As of 09:25 BST, Royal Mail’s share price had lost 1.78 percent to 348.00p. The stock is underperforming the broader UK market, with the benchmark FTSE 100 index currently standing 0.66 percent lower at 7,369.18 points.
Citigroup trims stance on Royal Mail
Citigroup lowered its rating on Royal Mail from ‘neutral’ to ‘sell’ today, with a price target of 300p on the shares.

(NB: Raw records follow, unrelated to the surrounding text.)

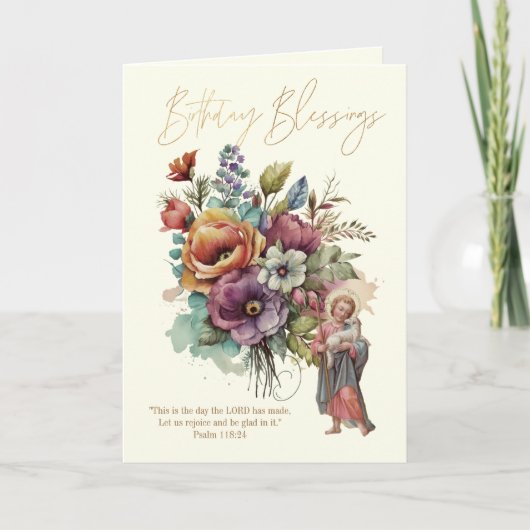 Floral Birthday Religious Scripting Jesus Bedankkaart (Voorkant)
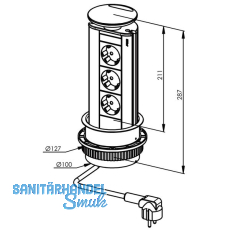 Steckdosenleiste EVOline Port 3x Schuko Wippdeckel alufarbig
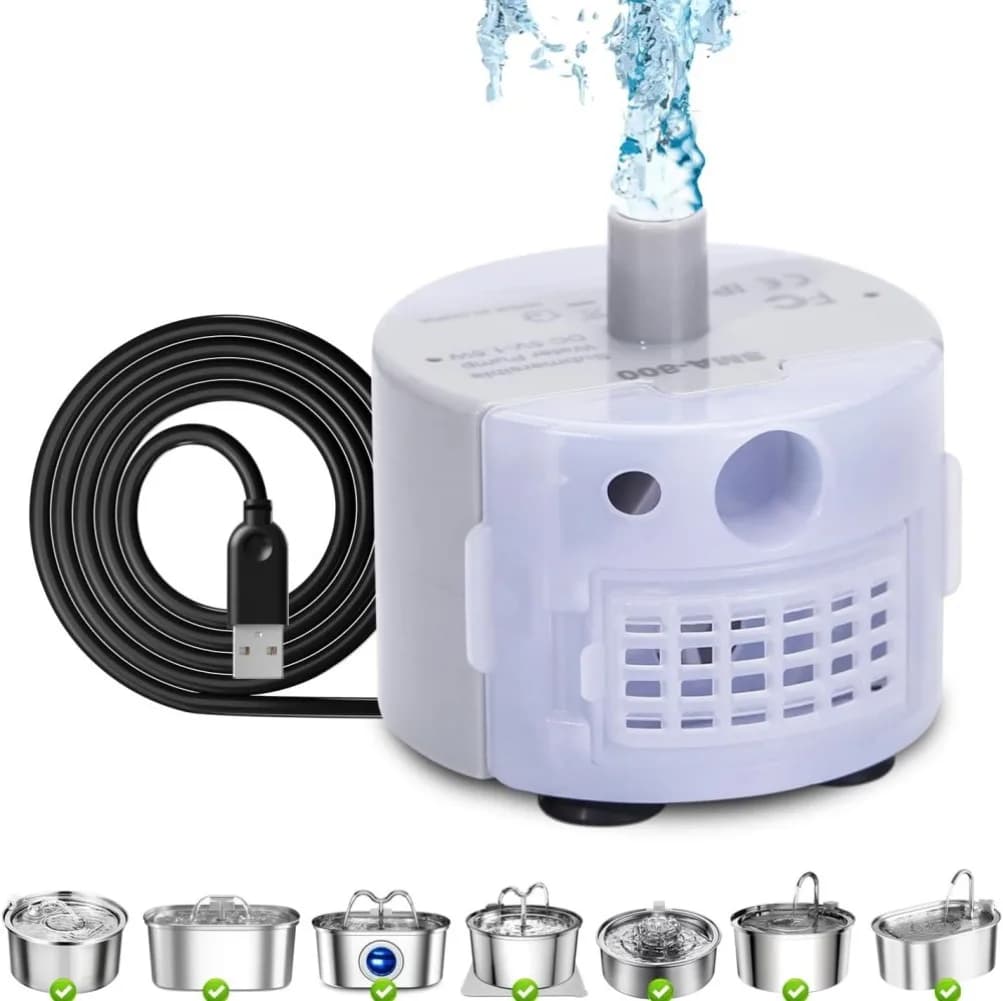 Pet Fountain Motor Submersible Pump Cat Water Drinker USB Water Pump Replacement Pump with LED Light Cats Fountain Accessories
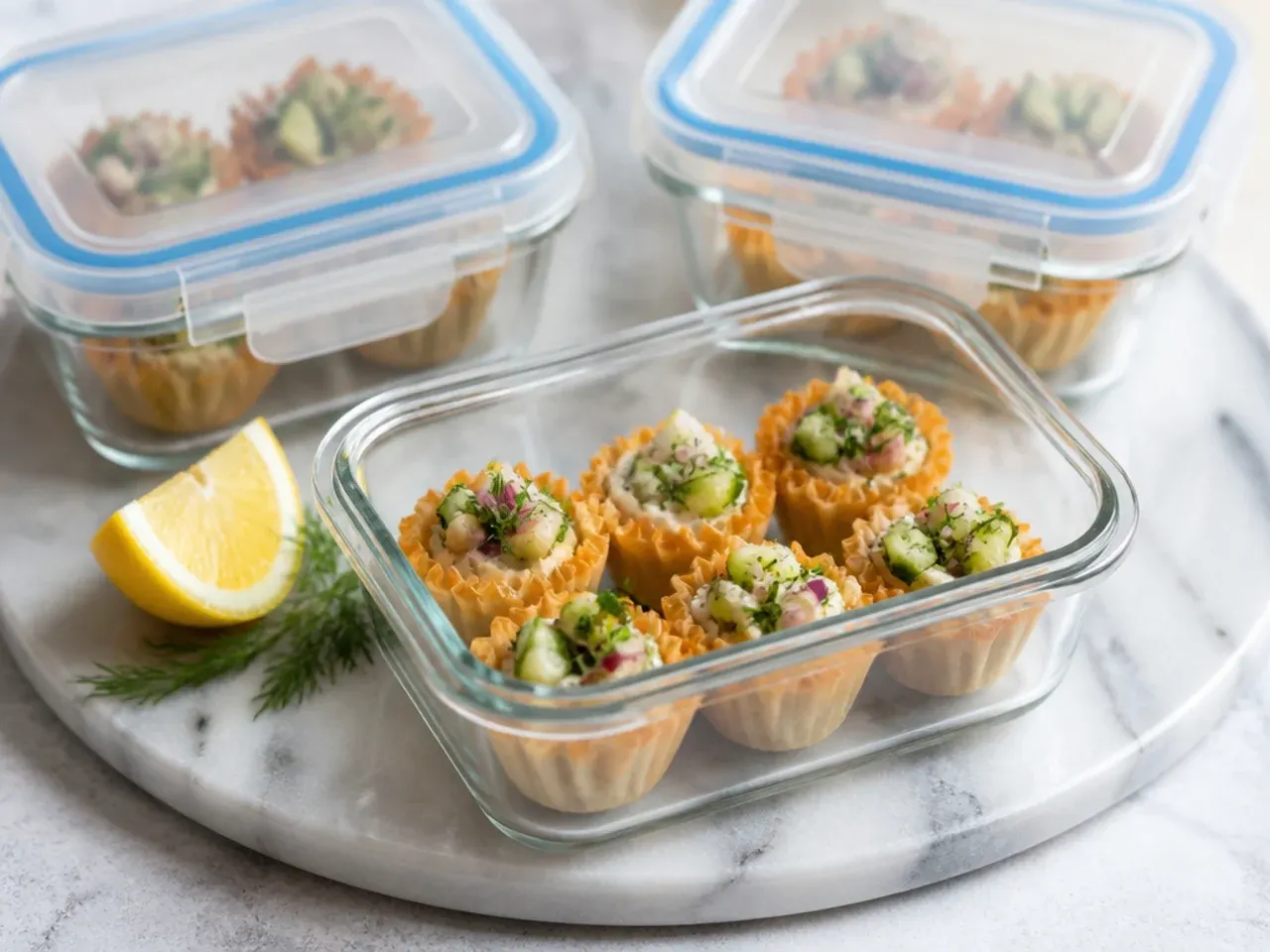 Airtight container of unfilled phyllo shells next to bowls of prepared fillings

Proactive Investors quoted the analysts as commenting that the outlook for the privatised postal operator remained “challenging even after the recent reset”.
“While the recent profit warning saw the share price slide by c. 25 percent, we think this has only served to highlight ongoing risks which the company faces in the near-term,” the broker elaborated, adding that despite the reset in the shares, Royal Mail remained more expensive than some European Postal peers.
“As such we think the near-term risks for Royal Mail outweigh the opportunities,” Citigroup concluded.
Analyst ratings update
As of October 4, the consensus forecast amongst 17 polled investment analysts covering Royal Mail for the Financial Times has it that the company will underperform the market. This has been the consensus forecast since the sentiment of investment analysts deteriorated from ‘hold’ on October 3. According to MarketBeat, the privatised postal operator currently has a consensus ‘hold’ rating and an average price target of 443.58p.